▸ BRIEF
In the entries that follow, find the line containing "Boleslav Neshoda, starosta" and the line containing "Glorious catastrophe: Jack", then copy exactly everything from the first through the second except the pictures.

▸ DATA UNDER STUDY
◇ ◇ ◇ ◇ ◇ ◇ ◇

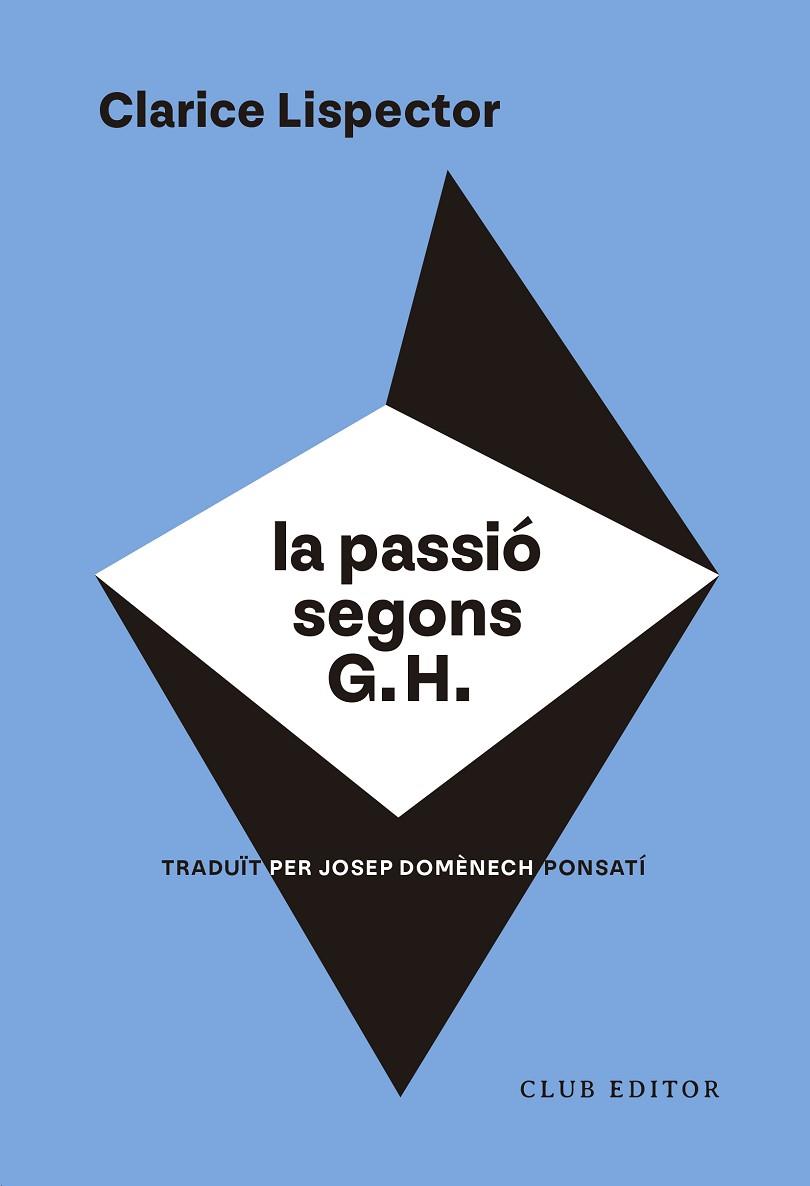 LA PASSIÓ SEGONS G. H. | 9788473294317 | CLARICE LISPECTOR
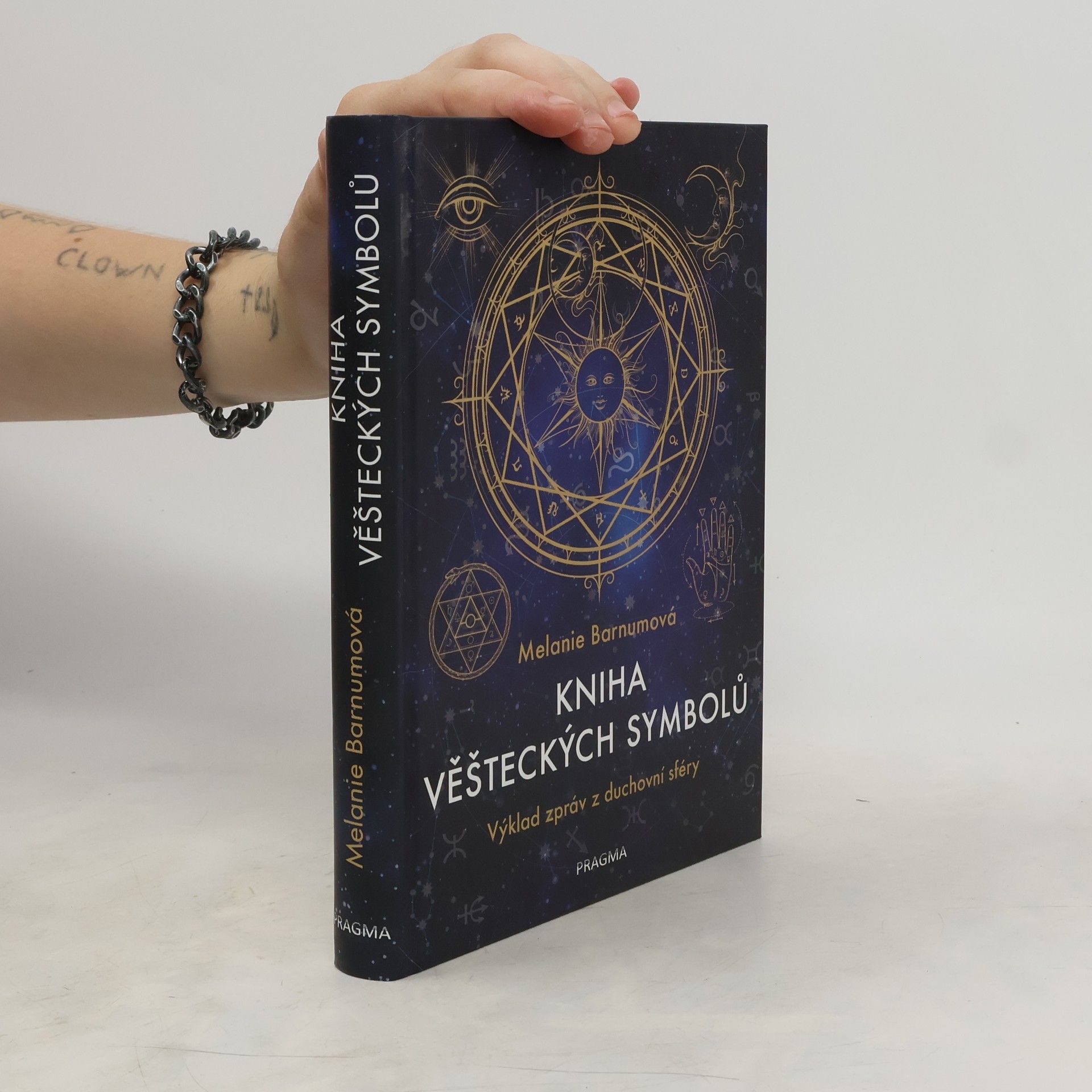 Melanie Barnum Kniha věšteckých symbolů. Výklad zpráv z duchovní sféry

◇ ◇ ◇ ◇ ◇ ◇ ◇

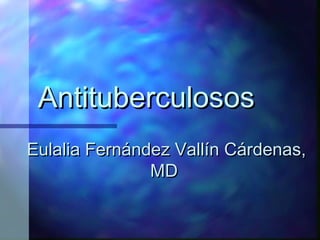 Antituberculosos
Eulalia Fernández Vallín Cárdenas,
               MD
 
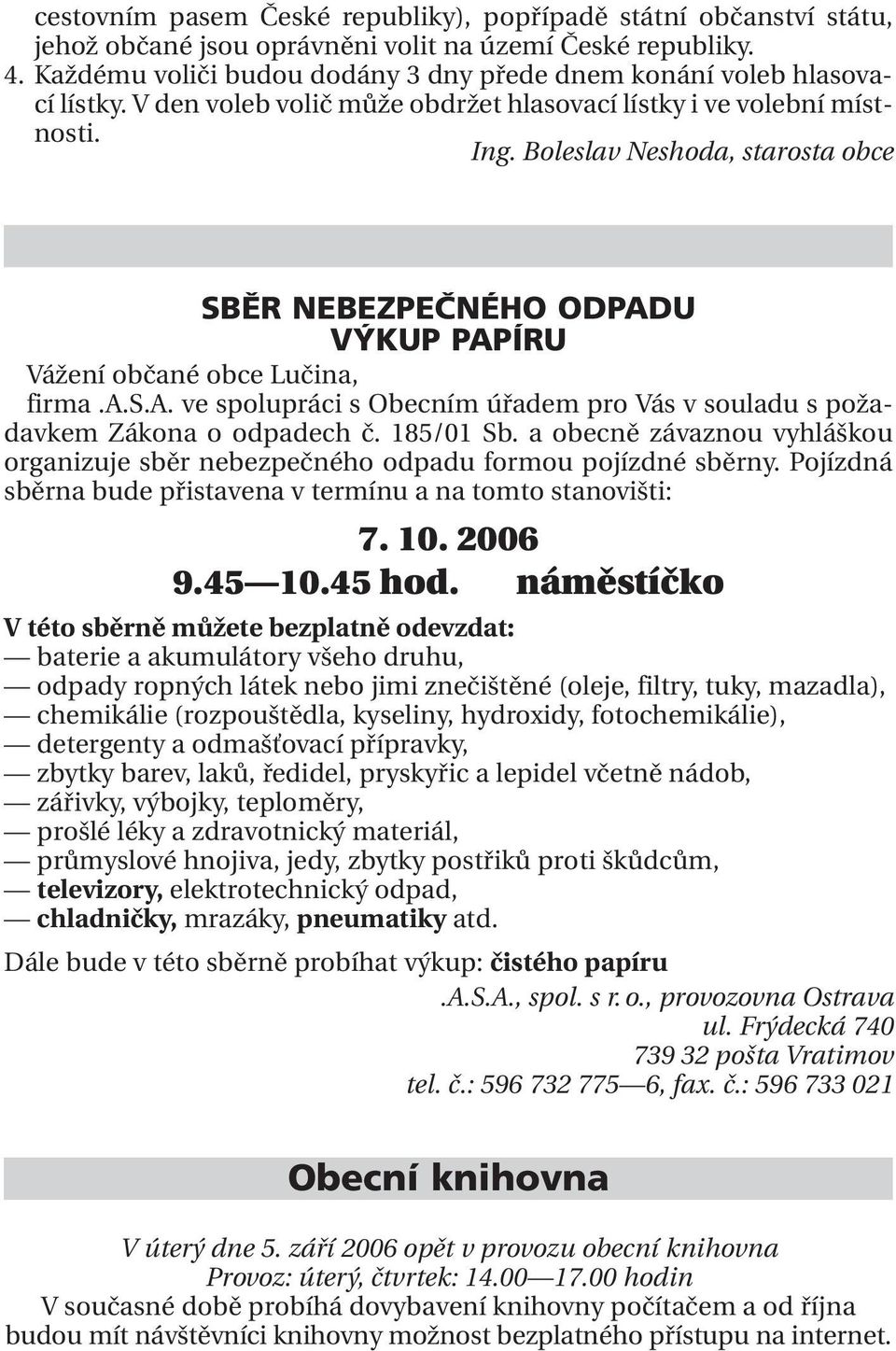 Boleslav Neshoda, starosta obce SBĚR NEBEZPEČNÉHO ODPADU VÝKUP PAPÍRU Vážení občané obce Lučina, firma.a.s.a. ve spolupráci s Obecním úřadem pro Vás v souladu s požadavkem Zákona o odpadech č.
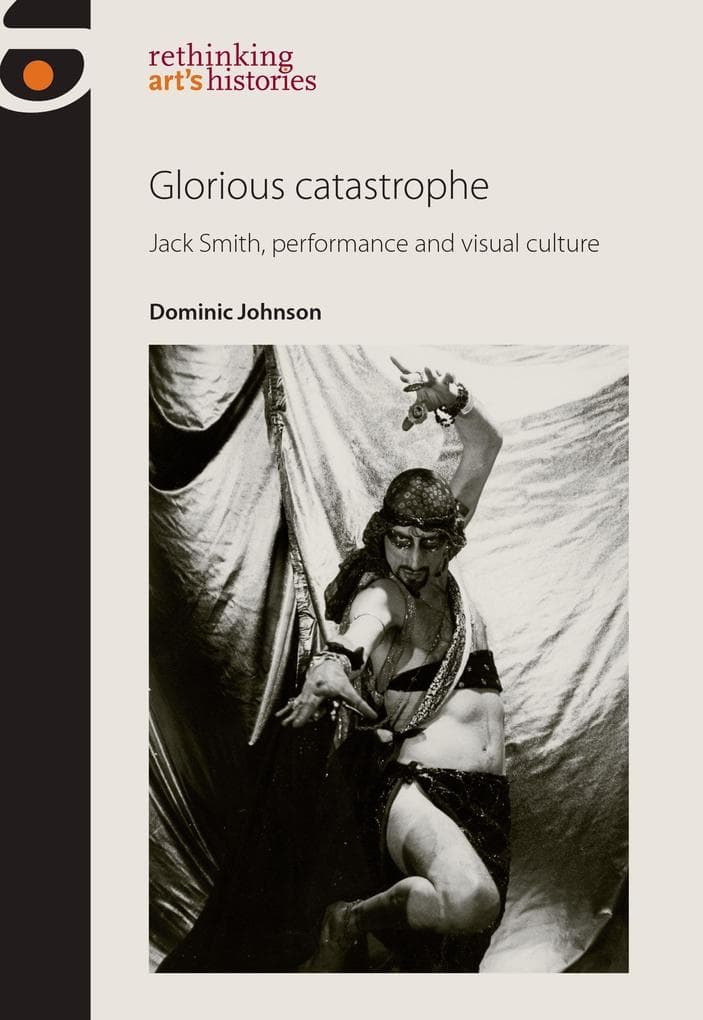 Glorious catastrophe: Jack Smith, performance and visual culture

◇ ◇ ◇ ◇ ◇ ◇ ◇

▸ EXPECTED ANSWER
 Boleslav Neshoda, starosta obce SBĚR NEBEZPEČNÉHO ODPADU VÝKUP PAPÍRU Vážení občané obce Lučina, firma.a.s.a. ve spolupráci s Obecním úřadem pro Vás v souladu s požadavkem Zákona o odpadech č.
 Glorious catastrophe: Jack Smith, performance and visual culture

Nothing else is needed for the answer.